I wanted to return and add a bit to an earlier notice concerning a series of drawings that I found utterly fascinating—the earliest illustrations of the active formation representing visualized human thought. (I know that this titling is ungainly, but it seems to be the least inelegant solutions to stating the idea of what the images represent.) It so happens that Francis Galton approached this same issue—though without pictorial representation—in an earlier paper with the unusual and provocative title of “Visions in Sane Persons” (1881). Working further through this thesis and publishing an illustrated report in 1882, he continued, and greatly expanded, the study in a 26-page chapter called “Number-Forms” in his book Inquiries into Human Faculties and its Development (1883, with a second edition appearing in 1909). Galton includes another 71 images of visualizing arithmetic, plus others on general images of mental images of numbers and letters—there is also a small but beautiful section on associations between colors and numbers and letters. (These are all depicted in the first four images on this page.)
G.T.W. Patrick (a professor of philosophy at the state university of Iowa) published one of the earliest papers in response to Galton’s work. In “Number-forms”, published in the Popular Science Monthly in February 1893 (pp 504-515, and “illustrated”), Patrick addresses and expands Galton’s work somewhat, including another eighteen wonderful illustrations of similar images.
But the path back to Galton is not quite a straight one. Galton was initially concerned with imaging of numbers and numbers forms while people were performing mental calculations. Patrick on the other hand asked his subjects if they had associative images in their mind of numbers—formally, he asked them if the number series of 1-9 presented itself in a visual, representative way in their minds. In the second and third parts of his three-part inquiry, he asked the same question about letters and the alphabet, and then, thirdly, if they perceived any sense of color from letters and numbers, and what then what those exact relationships were.

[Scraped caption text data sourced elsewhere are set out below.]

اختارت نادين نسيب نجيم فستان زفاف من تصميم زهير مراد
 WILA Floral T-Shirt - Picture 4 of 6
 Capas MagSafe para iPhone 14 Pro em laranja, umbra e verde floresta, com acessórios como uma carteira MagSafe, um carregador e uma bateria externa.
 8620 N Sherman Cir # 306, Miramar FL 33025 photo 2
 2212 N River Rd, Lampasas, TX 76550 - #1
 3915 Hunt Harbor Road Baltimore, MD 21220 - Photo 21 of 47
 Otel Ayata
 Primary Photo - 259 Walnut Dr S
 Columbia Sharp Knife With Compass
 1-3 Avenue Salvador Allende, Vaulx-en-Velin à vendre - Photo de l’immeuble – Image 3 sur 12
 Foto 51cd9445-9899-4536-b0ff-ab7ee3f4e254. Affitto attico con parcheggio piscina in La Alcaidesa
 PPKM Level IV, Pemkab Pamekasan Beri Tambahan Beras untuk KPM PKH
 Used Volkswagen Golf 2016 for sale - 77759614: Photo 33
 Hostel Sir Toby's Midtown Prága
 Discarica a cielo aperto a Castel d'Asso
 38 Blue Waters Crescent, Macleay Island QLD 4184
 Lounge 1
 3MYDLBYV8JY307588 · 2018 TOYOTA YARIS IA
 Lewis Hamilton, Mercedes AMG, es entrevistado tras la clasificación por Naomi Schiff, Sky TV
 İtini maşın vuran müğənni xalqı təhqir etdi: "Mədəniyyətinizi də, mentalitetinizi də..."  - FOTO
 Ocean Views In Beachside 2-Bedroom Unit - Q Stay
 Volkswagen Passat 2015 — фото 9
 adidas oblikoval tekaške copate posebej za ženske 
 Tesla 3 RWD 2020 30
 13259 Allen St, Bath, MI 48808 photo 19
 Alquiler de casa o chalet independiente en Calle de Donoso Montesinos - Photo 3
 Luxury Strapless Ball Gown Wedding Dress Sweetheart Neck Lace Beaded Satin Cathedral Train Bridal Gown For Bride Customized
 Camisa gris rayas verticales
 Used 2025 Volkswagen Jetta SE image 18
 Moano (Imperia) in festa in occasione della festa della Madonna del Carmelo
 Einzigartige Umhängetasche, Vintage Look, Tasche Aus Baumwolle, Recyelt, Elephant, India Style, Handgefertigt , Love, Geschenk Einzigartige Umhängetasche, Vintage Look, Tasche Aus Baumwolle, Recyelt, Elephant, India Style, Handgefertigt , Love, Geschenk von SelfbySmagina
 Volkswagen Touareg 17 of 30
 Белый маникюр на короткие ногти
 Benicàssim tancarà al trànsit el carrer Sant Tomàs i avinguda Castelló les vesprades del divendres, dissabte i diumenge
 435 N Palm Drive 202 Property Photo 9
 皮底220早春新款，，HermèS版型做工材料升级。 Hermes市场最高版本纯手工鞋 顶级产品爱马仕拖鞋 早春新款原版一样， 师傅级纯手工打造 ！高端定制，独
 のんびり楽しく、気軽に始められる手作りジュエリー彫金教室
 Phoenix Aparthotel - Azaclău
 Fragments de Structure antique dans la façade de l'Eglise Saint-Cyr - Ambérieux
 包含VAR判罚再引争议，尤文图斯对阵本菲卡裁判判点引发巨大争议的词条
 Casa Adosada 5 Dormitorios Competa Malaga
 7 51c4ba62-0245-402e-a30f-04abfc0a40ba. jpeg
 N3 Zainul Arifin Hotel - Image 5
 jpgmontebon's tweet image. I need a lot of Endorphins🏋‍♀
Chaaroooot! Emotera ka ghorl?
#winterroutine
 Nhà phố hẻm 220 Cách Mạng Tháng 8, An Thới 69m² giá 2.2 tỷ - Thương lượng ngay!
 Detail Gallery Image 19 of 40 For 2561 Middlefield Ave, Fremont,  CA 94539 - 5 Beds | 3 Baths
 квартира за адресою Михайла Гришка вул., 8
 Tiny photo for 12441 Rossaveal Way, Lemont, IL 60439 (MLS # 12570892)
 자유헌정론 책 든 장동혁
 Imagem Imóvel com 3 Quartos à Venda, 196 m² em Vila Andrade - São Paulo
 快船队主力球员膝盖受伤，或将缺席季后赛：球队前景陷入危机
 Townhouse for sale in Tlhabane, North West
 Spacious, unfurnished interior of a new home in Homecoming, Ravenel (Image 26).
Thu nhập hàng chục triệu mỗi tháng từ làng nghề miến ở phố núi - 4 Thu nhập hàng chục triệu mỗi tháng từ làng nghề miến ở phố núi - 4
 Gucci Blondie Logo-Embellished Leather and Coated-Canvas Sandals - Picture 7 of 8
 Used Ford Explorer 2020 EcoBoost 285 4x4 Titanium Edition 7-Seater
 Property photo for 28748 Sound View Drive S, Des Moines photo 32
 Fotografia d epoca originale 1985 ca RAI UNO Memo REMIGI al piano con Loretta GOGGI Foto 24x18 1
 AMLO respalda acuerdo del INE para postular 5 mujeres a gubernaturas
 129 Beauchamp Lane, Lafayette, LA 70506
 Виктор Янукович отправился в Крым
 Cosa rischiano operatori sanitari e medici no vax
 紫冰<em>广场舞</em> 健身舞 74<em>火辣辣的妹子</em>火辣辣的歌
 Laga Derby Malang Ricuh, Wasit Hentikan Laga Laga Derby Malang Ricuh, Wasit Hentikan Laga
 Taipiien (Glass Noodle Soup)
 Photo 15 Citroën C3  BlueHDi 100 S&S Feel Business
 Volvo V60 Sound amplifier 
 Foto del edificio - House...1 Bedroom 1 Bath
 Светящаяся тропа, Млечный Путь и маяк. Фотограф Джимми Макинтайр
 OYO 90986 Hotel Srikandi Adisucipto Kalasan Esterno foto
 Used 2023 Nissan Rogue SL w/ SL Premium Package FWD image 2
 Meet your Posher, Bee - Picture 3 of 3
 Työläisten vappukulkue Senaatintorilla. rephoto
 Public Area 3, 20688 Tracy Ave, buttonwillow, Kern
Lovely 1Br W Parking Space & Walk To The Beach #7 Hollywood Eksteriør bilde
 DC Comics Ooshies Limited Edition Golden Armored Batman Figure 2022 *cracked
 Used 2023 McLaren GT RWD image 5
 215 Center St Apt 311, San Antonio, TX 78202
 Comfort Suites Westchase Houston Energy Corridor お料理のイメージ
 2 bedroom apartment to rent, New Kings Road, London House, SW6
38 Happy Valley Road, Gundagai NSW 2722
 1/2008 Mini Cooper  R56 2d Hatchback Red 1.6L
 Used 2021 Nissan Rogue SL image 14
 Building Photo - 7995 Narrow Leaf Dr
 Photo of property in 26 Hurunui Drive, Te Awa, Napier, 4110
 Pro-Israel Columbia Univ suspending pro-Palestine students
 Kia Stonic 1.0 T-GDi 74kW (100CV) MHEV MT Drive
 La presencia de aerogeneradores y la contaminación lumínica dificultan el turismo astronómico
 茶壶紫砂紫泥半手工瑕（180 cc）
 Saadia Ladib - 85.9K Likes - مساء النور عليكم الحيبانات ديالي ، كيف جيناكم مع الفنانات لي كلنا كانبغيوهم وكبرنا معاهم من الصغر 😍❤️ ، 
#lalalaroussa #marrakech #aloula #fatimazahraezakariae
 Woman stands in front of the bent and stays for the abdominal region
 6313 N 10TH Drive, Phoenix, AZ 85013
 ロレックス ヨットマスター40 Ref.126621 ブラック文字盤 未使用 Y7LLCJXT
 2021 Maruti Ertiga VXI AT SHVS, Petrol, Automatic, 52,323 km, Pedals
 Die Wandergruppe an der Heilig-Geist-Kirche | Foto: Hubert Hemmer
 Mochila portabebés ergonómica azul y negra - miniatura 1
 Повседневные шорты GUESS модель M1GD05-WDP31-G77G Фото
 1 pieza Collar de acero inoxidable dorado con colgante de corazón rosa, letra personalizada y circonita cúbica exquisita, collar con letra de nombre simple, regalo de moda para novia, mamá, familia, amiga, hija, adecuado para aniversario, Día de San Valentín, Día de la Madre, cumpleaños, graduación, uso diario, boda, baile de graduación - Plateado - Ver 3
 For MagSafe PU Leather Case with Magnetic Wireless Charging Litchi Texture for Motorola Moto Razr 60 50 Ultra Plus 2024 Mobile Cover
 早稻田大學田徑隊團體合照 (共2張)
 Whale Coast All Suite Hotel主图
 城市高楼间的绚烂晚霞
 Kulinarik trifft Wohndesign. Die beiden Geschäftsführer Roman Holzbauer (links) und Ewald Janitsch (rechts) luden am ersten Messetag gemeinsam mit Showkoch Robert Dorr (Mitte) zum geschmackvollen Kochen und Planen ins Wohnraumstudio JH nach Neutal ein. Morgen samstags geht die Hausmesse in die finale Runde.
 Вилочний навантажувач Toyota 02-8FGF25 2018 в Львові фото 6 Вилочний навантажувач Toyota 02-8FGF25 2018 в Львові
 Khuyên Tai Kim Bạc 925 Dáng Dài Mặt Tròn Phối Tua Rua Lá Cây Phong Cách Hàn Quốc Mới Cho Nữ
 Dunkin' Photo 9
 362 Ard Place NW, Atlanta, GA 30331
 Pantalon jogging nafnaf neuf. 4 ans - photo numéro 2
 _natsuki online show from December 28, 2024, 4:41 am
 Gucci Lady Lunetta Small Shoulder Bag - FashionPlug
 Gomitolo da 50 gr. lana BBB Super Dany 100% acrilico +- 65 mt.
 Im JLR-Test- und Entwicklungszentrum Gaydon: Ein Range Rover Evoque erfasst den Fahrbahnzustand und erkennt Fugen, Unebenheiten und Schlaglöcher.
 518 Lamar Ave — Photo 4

It is interesting that in the studies of Galton and Patrick that over time in each of the subjects tested that (in Galton’s words) the images were “absolutely unchangeable except for a gradual development of complexity”. Since I (like Galton, which is probably the only time I will ever be able to associate myself with this man
in terms of familiar traits) have no such images in my head when I think about mathematics or numbers or letter or words in general, it is remarkable to me on the human scale that people who have these associations would have the same ones time after time. A movable feast, as it were. Of course it would make sense that this reference system would be constant—but for someone that doesn’t ‘see” these images at all, the fact that they are so flowing and lucid and unchanging is simply difficult for me to imagine. (In a few weeks I'll return to this issue, looking at how some prodigiously gifted people "see" with their special attributes.)